While the thermodynamic metric and curvature require that the atoms of a black hole jitter, jittering plays no part in the widely accepted view of how a black hole forms: a huge mass collapses in on itself until it is just a mathematical point with no mass and infinite gravity, a singularity. At a distance around the singularity is the event horizon. But if, as in this view, there is no matter on the event horizon, then there is nothing to jitter.
“I would claim that if you have a thermodynamic picture, you gotta have the jittering if you look at a fine enough scale,” Ruppeiner said. “And if something is jittering, you know things gotta be made of something … People think this idea of all the mass just simply collapsing to a point, this is, if not outright wrong, it’s simply too limited.”
Instead of a singularity, Ruppeiner supports the membrane paradigm view, which says that matter is on a stretched event horizon and the jittering of that matter gives rise to thermodynamic fluctuations. From his own research applying thermodynamic curvature to different substances, Ruppeiner came up with a table of curvatures corresponding to different interactions. One finding was that for repulsive interactions between atoms, the thermodynamic curvature is positive, leading him to what he called “an interesting thought” as to what the event horizon of a black hole may be made of.
“Quarks are fermions,” Ruppeiner said. “So quarks would have repulsive interactions, by the Pauli exclusion principle, [and so] quarks would have positive curvature. And all these things have been found to be true for black holes. Is that the only possibility? Well no, that’s just a possibility.”
Ruppeiner said that thermodynamic curvature could be “a powerful tool” in understanding black holes. “The geometry respects curvature, you gotta get the same curvature no matter how you pick your coordinates” he said. “And thermodynamic curvature is telling you about the droplets. And if the organized droplets are getting big … if the thermodynamic curvature is blowing up [to infinity], something on the black hole is organizing.”
Such an organization would relate to the Information Paradox, which says that all information is lost once it enters the black hole, including what went into the formation of the black hole.

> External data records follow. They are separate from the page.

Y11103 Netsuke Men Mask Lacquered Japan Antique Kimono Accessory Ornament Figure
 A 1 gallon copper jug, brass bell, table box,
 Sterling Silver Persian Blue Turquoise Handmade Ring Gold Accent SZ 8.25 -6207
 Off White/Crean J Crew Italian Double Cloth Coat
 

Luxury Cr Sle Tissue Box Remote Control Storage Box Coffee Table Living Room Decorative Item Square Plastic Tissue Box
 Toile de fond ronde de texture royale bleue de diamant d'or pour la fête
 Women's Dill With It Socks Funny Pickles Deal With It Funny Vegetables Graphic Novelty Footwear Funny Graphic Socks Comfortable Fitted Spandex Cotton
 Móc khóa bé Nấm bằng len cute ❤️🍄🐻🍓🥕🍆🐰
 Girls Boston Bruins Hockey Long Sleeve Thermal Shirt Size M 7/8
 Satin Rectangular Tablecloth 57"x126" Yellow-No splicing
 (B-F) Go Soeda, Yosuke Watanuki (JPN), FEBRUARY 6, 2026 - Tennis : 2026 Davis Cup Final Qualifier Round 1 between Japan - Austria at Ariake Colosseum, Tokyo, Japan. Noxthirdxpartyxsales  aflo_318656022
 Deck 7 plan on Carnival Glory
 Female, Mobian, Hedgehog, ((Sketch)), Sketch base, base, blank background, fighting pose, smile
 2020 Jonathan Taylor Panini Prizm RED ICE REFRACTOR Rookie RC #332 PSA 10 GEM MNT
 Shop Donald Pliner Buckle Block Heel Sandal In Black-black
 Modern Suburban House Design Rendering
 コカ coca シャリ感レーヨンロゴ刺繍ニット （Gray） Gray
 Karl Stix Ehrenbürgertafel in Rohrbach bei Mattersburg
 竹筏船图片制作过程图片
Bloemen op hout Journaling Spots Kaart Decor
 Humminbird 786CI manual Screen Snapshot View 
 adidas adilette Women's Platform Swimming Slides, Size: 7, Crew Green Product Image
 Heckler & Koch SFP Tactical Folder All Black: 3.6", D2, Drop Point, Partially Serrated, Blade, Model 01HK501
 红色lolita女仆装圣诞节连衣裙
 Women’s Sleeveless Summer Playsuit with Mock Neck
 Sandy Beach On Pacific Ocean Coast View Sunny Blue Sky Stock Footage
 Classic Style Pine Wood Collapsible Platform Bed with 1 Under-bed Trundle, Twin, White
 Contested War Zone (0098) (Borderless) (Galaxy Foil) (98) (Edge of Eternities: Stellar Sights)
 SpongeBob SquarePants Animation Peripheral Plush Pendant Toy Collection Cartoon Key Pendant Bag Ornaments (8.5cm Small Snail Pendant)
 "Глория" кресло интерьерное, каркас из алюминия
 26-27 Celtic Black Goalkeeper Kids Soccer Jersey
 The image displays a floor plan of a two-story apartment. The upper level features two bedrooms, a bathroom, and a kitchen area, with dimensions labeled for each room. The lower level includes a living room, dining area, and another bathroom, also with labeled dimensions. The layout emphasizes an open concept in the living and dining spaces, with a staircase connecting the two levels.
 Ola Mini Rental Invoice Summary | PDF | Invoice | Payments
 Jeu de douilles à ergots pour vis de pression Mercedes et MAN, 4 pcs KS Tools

“In principle, you can know where every molecule is, the position, what kind of molecule is there at every point in space,” Ruppeiner said. “I mean there’s lots of information present in like a big gravitating mass. And if that all of a sudden goes behind the event horizon, then according to the No Hair Theorem, the only information that’s left are three numbers! I mean imagine the information that’s in there, the position and composition of every atom in a three solar mass object. All mushed down, to three numbers in the end. All lost.”
Although Stephen Hawking and other physicists have argued that such a black hole can still emit so-called Hawking radiation, that information comes out mangled if the black hole has no organization. “But if there is organization between different parts of the black hole, you can get coordinated information now from the black hole,” Ruppeiner said. “And maybe that says something about the Information Paradox, the idea of, ‘Can you loose information behind the black hole event horizon, or not?’ Which is a big problem in physics.”
As far as future research relating thermodynamic curvature to black holes, Ruppeiner said he “probably will work on” it in the future but has other projects right now. “[Thermodynamic curvature] gives some guidance to theorists who are looking for the atoms in a black hole. Without that, what are people going to do? They come up with this, try this model, try that model … It’s a very hard problem and you might never guess what it is. If you have some guidance as to what it might be, that limits the possibilities and maybe you can get to the truth.”